The infection we call ‘the mumps’ probably derives its name from an old word meaning ‘to mope’ – an apt description of the afflicted child, struck down by malaise and fever and, a day after the onset, the painful swelling of one or both parotid glands within the cheeks, a condition known clinically as ‘parotitis’. The causative virus, the mumps virus, is another paramyxovirus, which is also global in distribution. Unlike measles, mumps was familiar to Hippocrates, some two and a half millennia ago. Mumps is also specific to and dependent on the human host, which, in symbiological parlance, is its co-evolving partner, and sole natural reservoir. Once more, the mumps virus is usually spread by the respiratory route, but it can also be spread through contamination with virus-infected saliva.
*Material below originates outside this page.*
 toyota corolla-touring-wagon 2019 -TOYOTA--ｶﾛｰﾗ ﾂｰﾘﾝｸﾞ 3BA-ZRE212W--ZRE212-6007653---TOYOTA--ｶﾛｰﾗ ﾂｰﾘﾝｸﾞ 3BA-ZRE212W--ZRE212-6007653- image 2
Fortunately, in most cases the illness is quickly dealt with by the immune system, with the symptoms settling within a few days, so that recovery is usually uneventful. In some cases the illness is so slight that the sufferer doesn’t even realise he or she has encountered the virus. But in 20 per cent of males who contract mumps after the age of puberty, the virus causes inflammation of the testes, clinically known as ‘orchitis’. This manifests as local pain, which can be severe, accompanied by the swelling of one or both testes some four or five days after the onset of the parotitis. Though some testicular atrophy may result, thankfully the orchitis doesn’t usually cause subsequent sterility. Though uncommon, mumps can occasionally cause inflammation in the ovaries in females, and equally rarely cause pancreatitis in either sex. Mumps may also cause a viral, or ‘aseptic’, meningitis and, like measles, it may also cause encephalitis. Meningitis and encephalitis are serious medical complications, which will usually result in hospitalisation and, in some cases, mortality.